Danielle Nicole Herrington (born May 26, 1993) is an American model known for her appearances in the Sports Illustrated Swimsuit Issue, including the cover of the 2018 edition where she became the third African-American woman to appear on the cover — after Tyra Banks (1997) and Beyonce (2007).

==Background==
Herrington was raised in Compton, California, but rose to fame after becoming a resident of Brooklyn's Bushwick neighborhood. Growing up, she attended Gahr High School in Cerritos, California, before dropping out her sophomore year to be homeschooled, so she can focus on her modeling career. Herrington came from a working family.
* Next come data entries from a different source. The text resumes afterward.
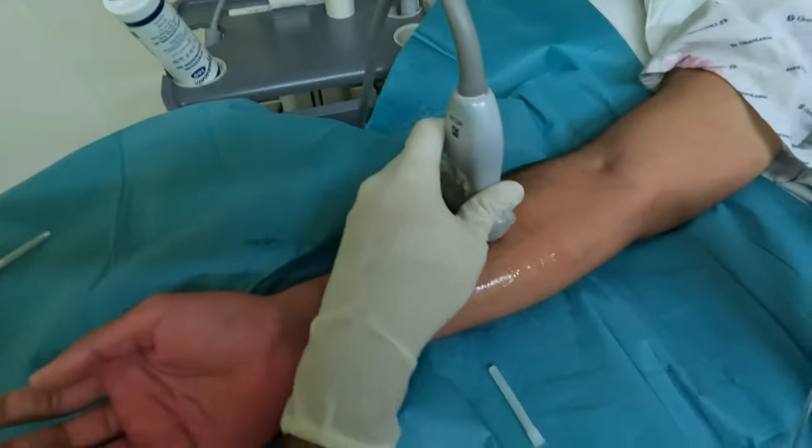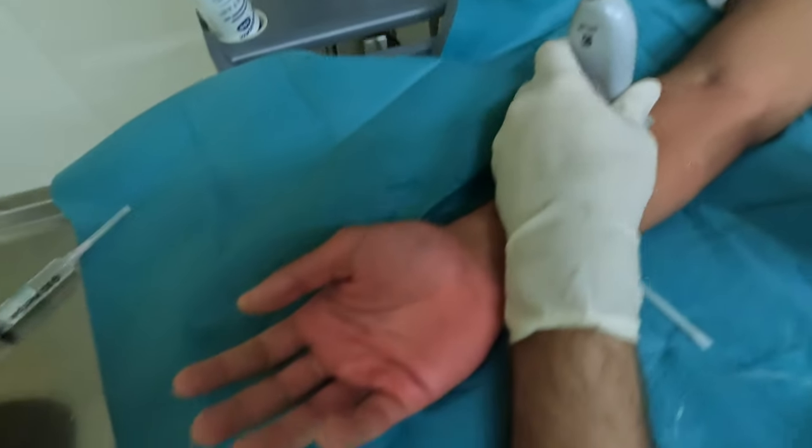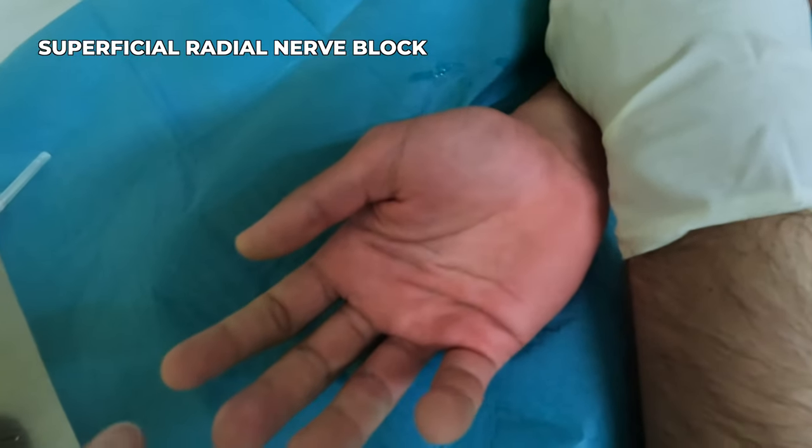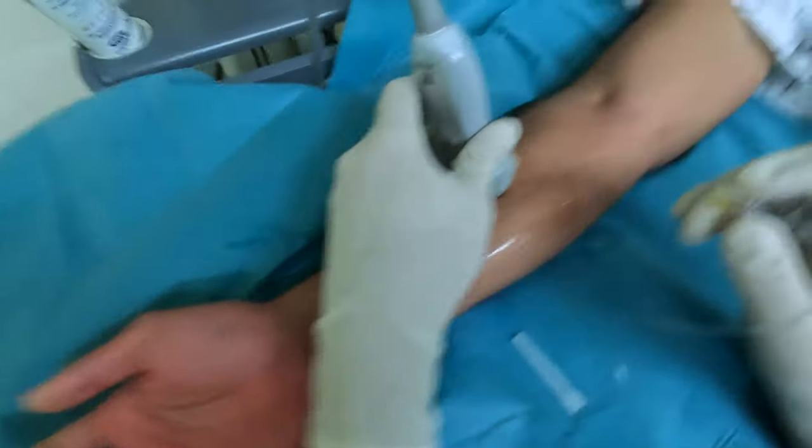I'll do an in-plane technique. We're going to perform a superficial radial nerve block now for an operation on the middle finger and the dorsum of the middle finger.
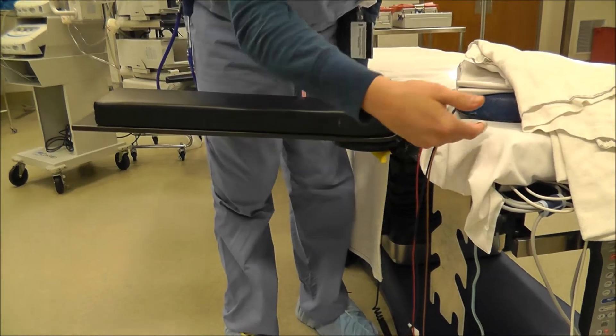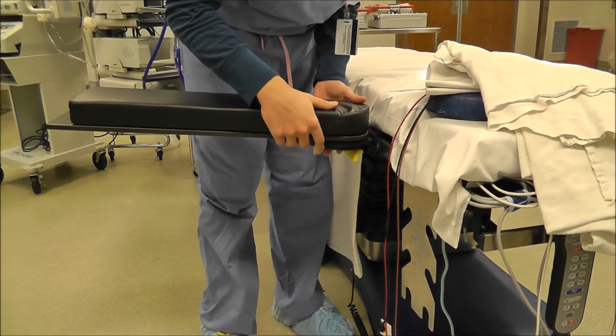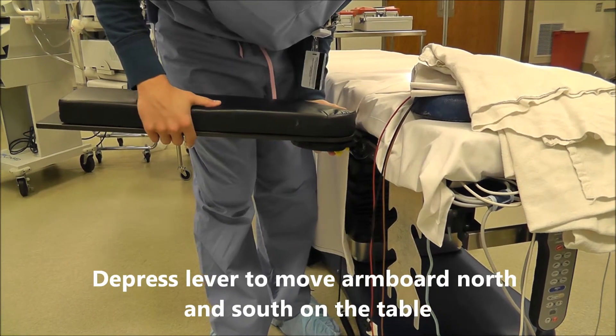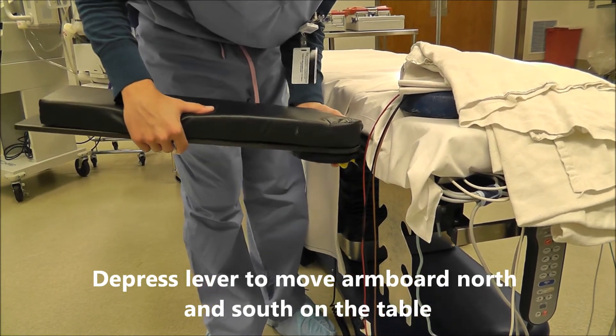To move it north and south of the table, you can't move it while the lever's down. So basically all you do is pull the lever and you might have to jiggle it a little bit and it goes.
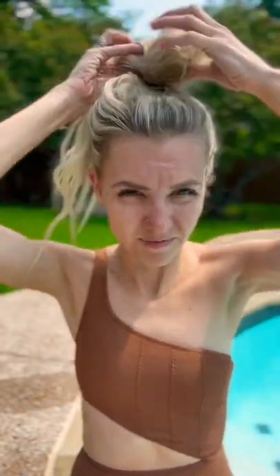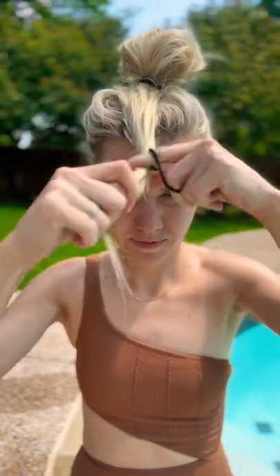Let's do a really fun and easy bun that is perfect for pull days. Start by taking your hair and putting in a high pony and then just start making your bun, but leave the end of your hair hanging down. Pull it to the front and tie another hair tie at the end.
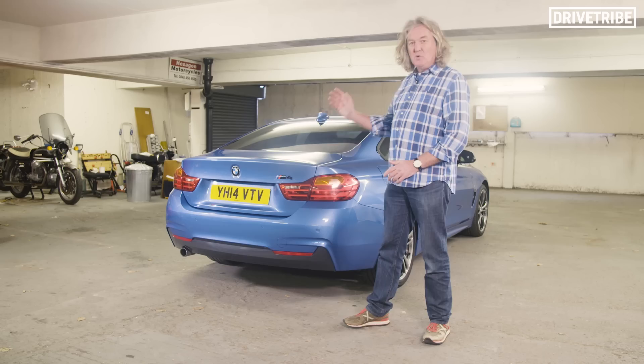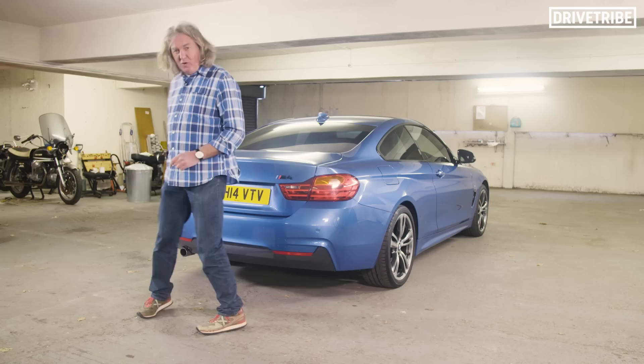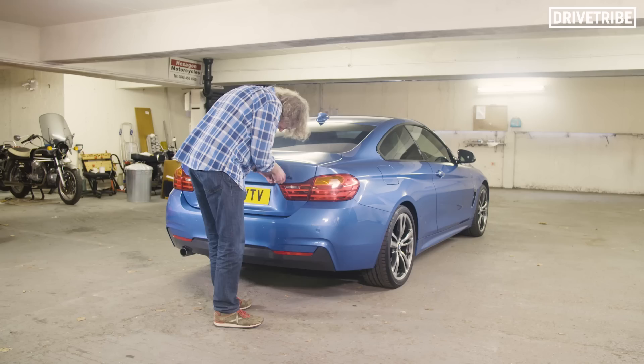Yo players, it's Unpimp My Ride and in this edition we have a BMW 420, one of the nicest looking cars BMW has designed for a long time I think, and this is Estoril blue, which is a particularly peachy colour. However, you will have noticed, I'm sure, this — which is an M4 badge, and that's not true, and that's casual. So let's sort that out.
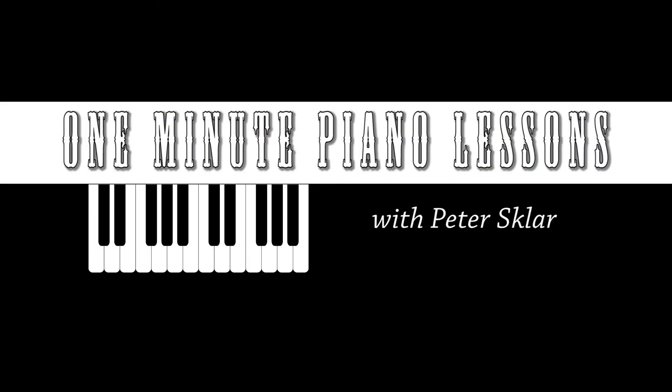I'm Peter Sklar. This has been another One Minute Piano Lesson, and I'll show you more next time.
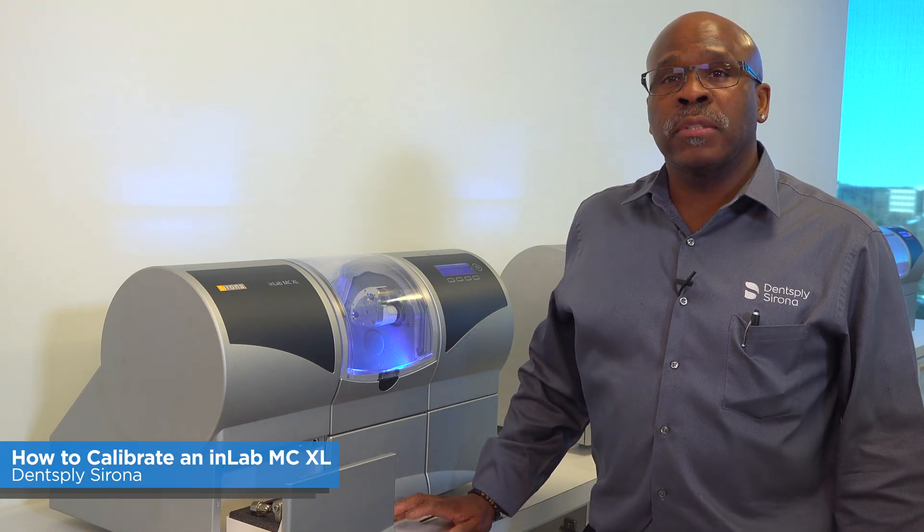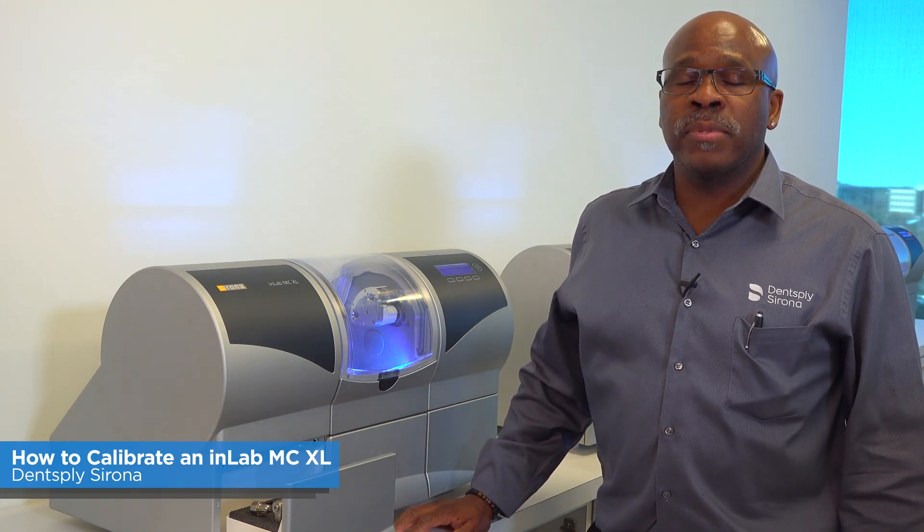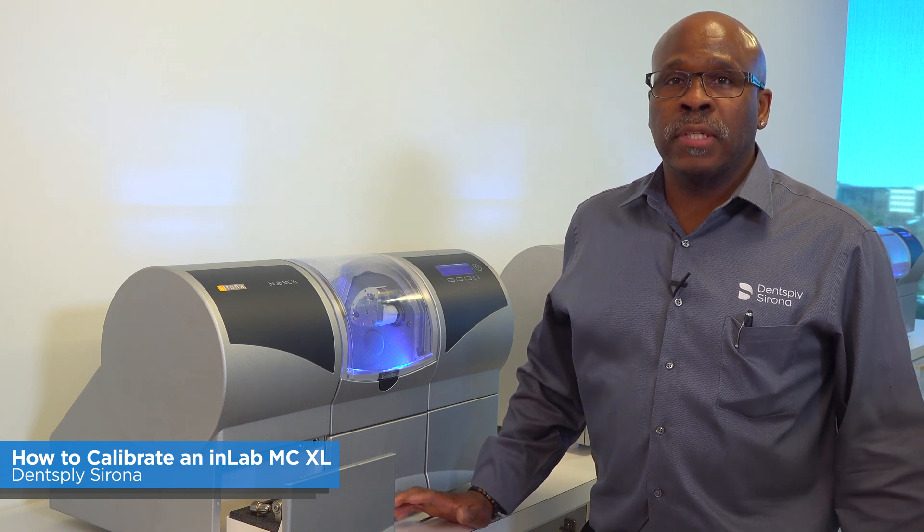Welcome to Tech in Two Minutes. Today we're going to discuss how to calibrate the NLAB MCXL. This is recommended yearly or as needed.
She describes her childhood as normal and says she was focused on school until college.

==Career==
Herrington started envisioning herself as a professional model at the age of 8. She attended John Casablancas' modelling school at age 10 or 11 with the encouragement of her mother. She began modelling at age 13, and Herrington was featured in GQ in November 2016 before she had 10,000 Instagram followers as an Instagram model on the rise who had already done jobs for Victoria's Secret. She first appeared in the Swimsuit issue in 2017, which she booked four months after moving to New York City to pursue her career at age 21. The 2017 Swimsuit issue photoshoot, which took place in Fiji, was her first major photoshoot. Her first runway performance was her New York Fashion Week debut at the Philipp Plein's spring show in September 2017 along with Irina Shayk and Adriana Lima. She was selected as the SI Swimsuit issue cover model for the 2018 issue, becoming the third black woman to appear on the cover of the Swimsuit Issue—after Tyra Banks (1997) and Beyonce (2007). Herrington shot the 2018 Swimsuit Issue in the Bahamas. She walked the runway for Plein the second time for its Fall 2018 show.